We love forts, especially the huge brick ones built before the Civil War. They are three dimensional history books, great for touring, exploring and crawling around. It’s like going back in time. Referred to as Second and Third System forts, they were the space shuttle programs of their day.

Cannon muzzle

Out of the interior darkness, a 32 pounder cannon is positioned at its firing port at Fort Pickens, FL. Second and Third System brick forts were engineering marvels and several features can be seen here. The arch over the gun strengthens the walls around it and makes it less likely to collapse. Different brick patterns were used to strengthen specific areas depending on the forces they would be subjected to. The inward angle of the firing port gives the defenders good fields of observation and fields of fire, while limiting that of the attackers. Inside, the cannon was mounted on a semi-circular rail, so that it could be traversed right to left as needed. The rail allowed the gun to be moved smoothly by just a few men even though it weighed several tons.

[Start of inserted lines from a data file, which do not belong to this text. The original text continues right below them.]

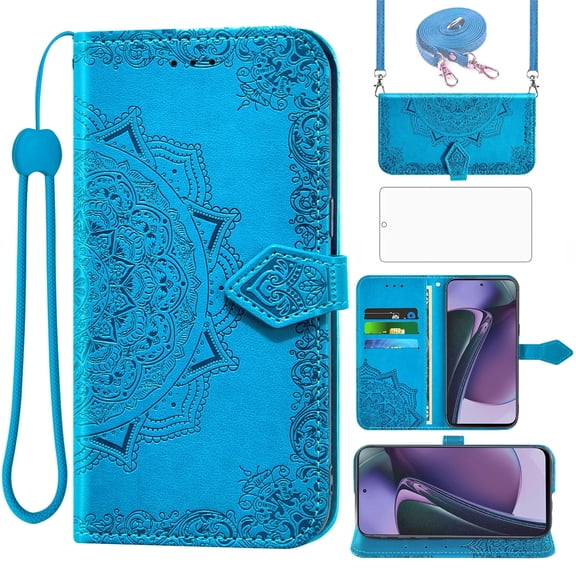 Asuwish Screen Protector Included Mandala Flower Hard Shell Wallet Cell Phone Case with Tempered Glass Screen Protector for Motorola Moto G Stylus 5G 2023, Blue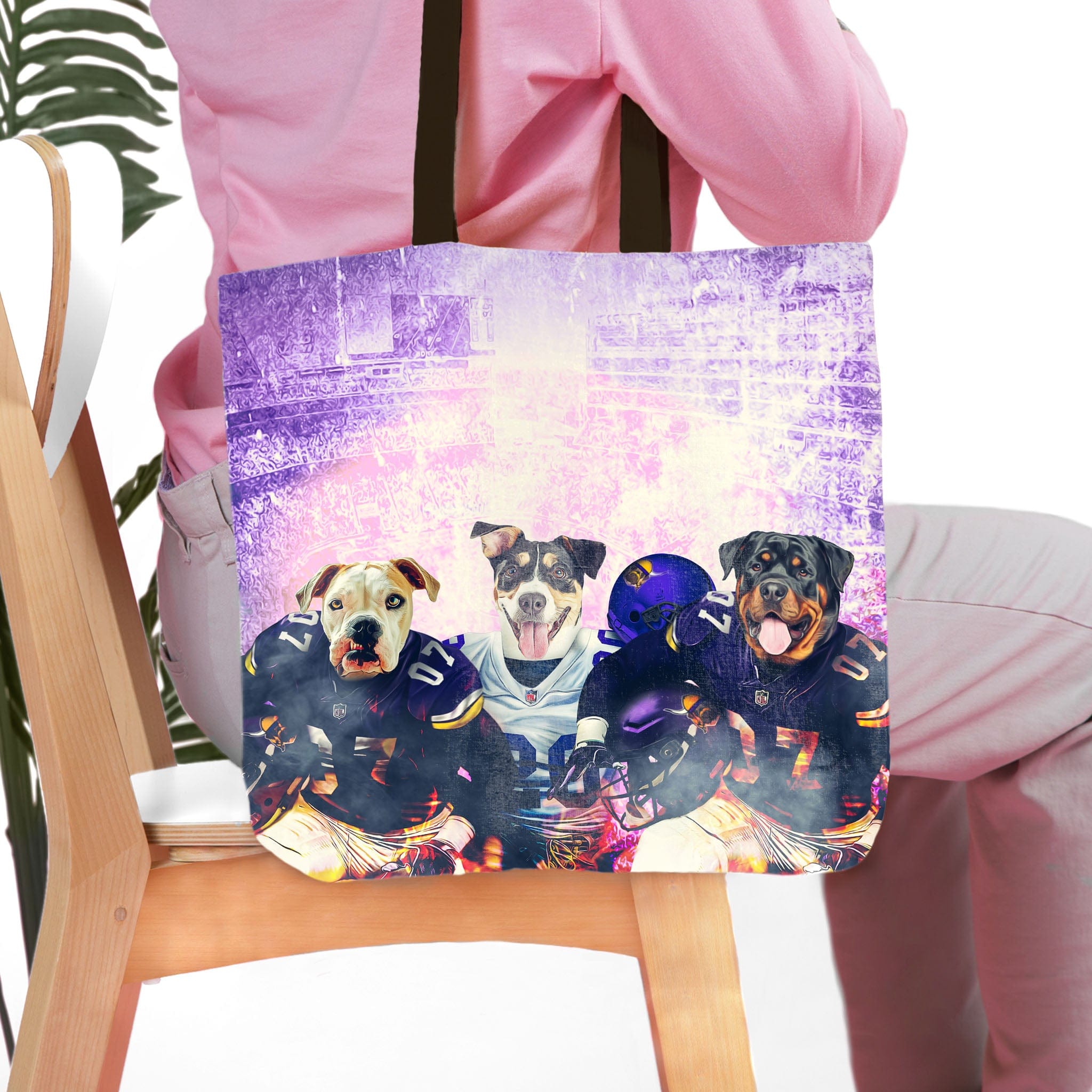 Personalized 3-pet tote bag featuring dogs in football uniforms against a purple stadium background.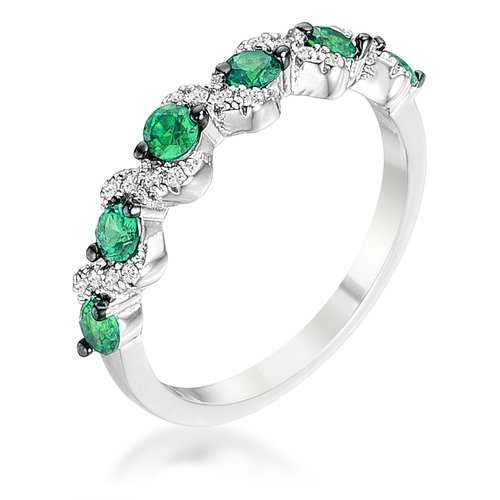 18Ct Rhodium & Hematite Plated S-Shaped Emerald Green & Clear Cubic Zirconia Half Eternity Band Ring - Elegant Wedding, Anniversary & Party Jewelry Gift for Women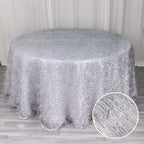 Polyester 120" Round Silver Tablecloth Metallic Fringe Shag Tinsel Table Cover - Bell Racket Store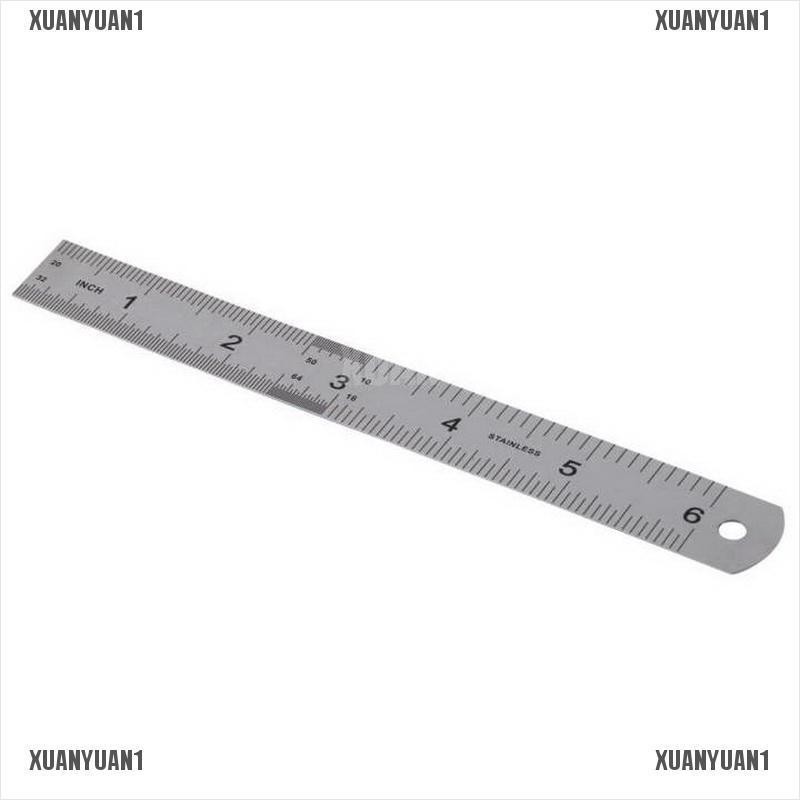 Thước Đo Thẳng Bằng Thép Không Gỉ Hai Mặt 15cm 6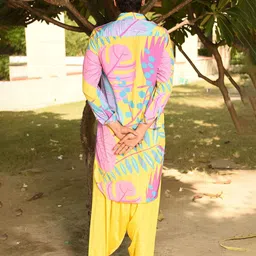 Laalzari Men Floral Printed Fusion Pathani Kurta image 5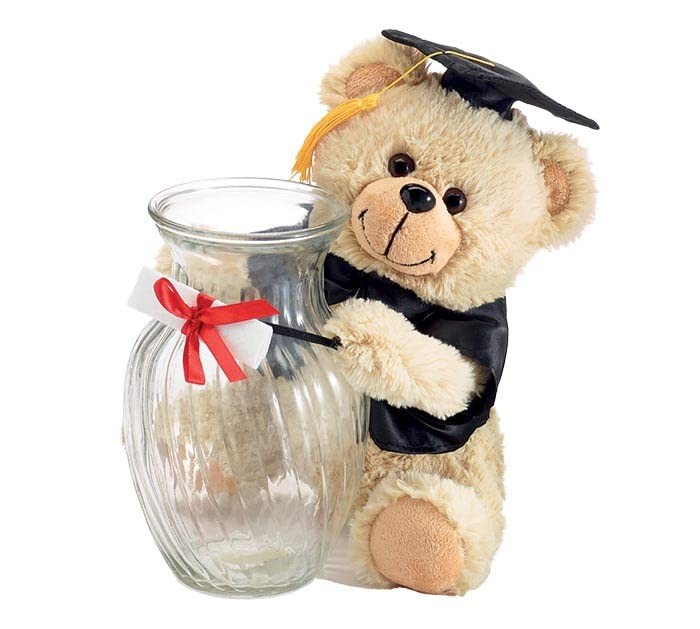 11" GRADUATION BEAR VASE HUGGER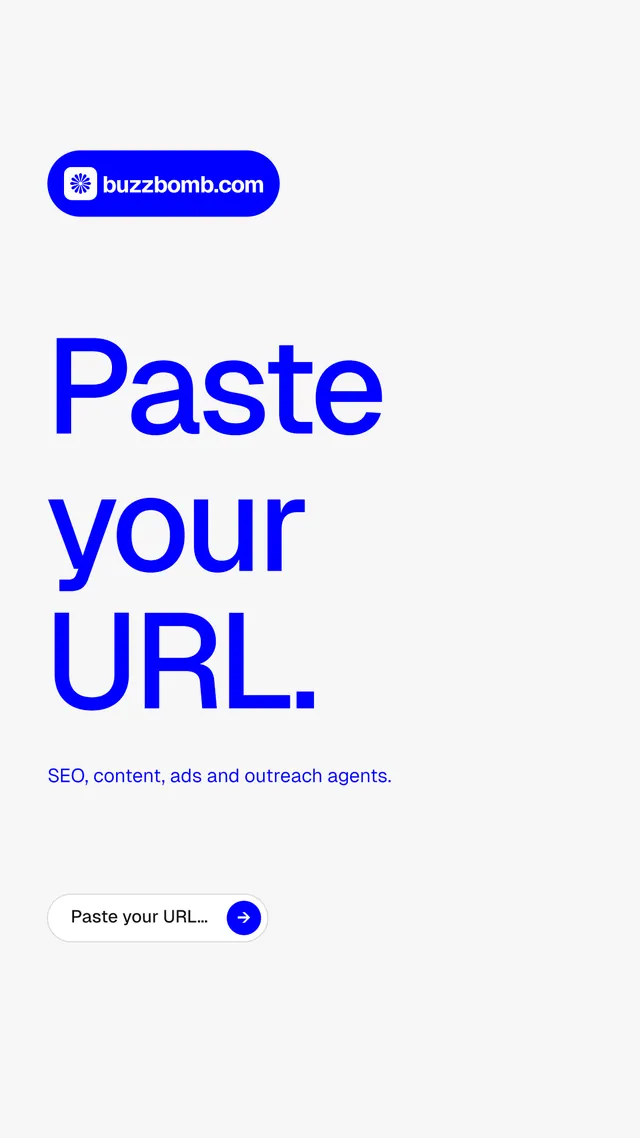 Instagram story for BuzzBomb: "Paste your URL." Agentic glass style, announce layout, light palette in white, blue.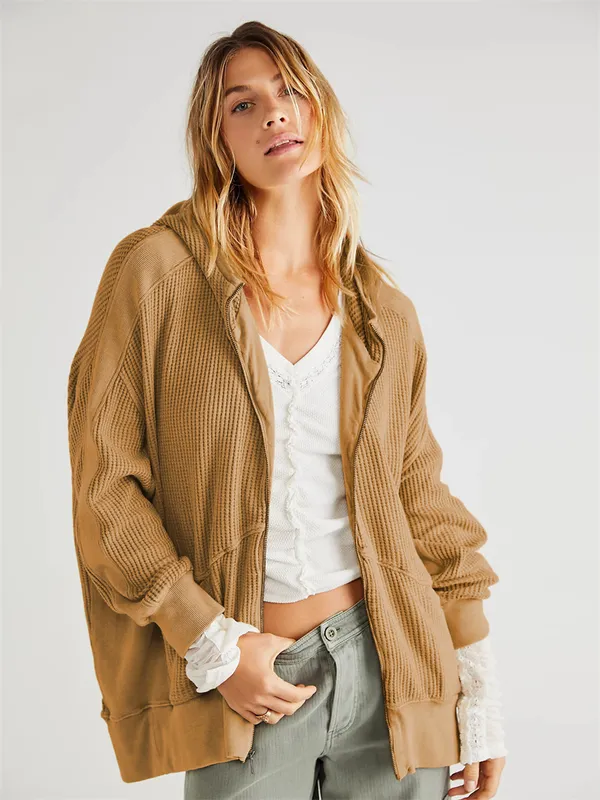 Chaqueta con capucha para mujer A-256 atuendo de mangas largas bolsillos de color sólido chaquetas de gimnasio suelto atuendo de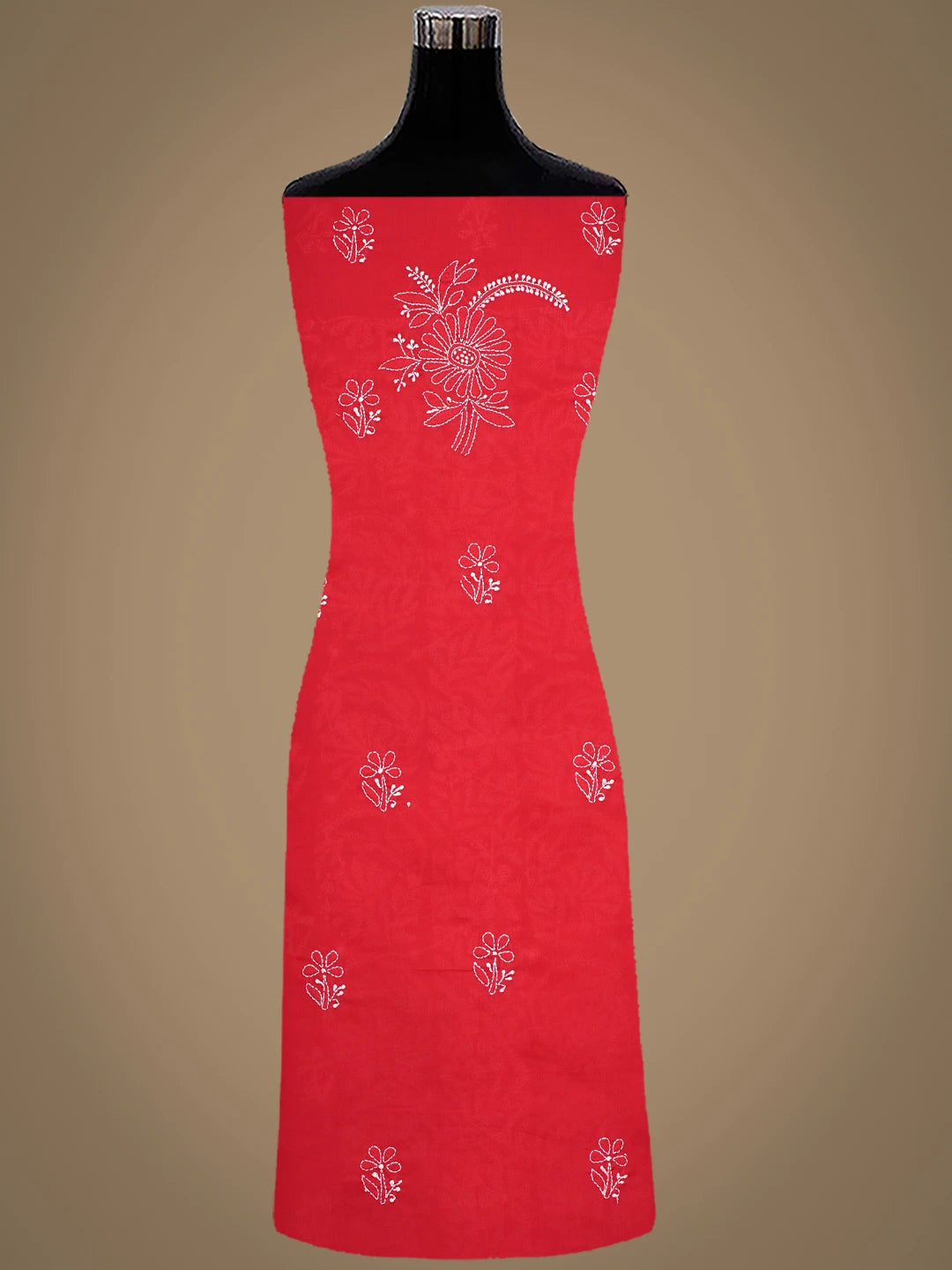 Ada Hand Embroidered Red Coton Lucknowi Chikankari Unstitched Suit Piece 01A642838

This cannon would have been used to defend the fort against a land attack. The anti-ship batteries mounted on the seaward walls were huge. They could fire shells up to 15″ in diameter up to three miles away. Some of these forts fought furious battles, including the aforementioned Fort Pickens. Many others saw no action at all. Some became famous for other reasons – such as Alcatraz.

Many of these forts are now part of the National Park Service. Still others are maintained by the states. In addition to the history and learning opportunities, forts are a steady source of NPS Passport Stamps, benchmarks, geocaches, letterboxes and munzees for us.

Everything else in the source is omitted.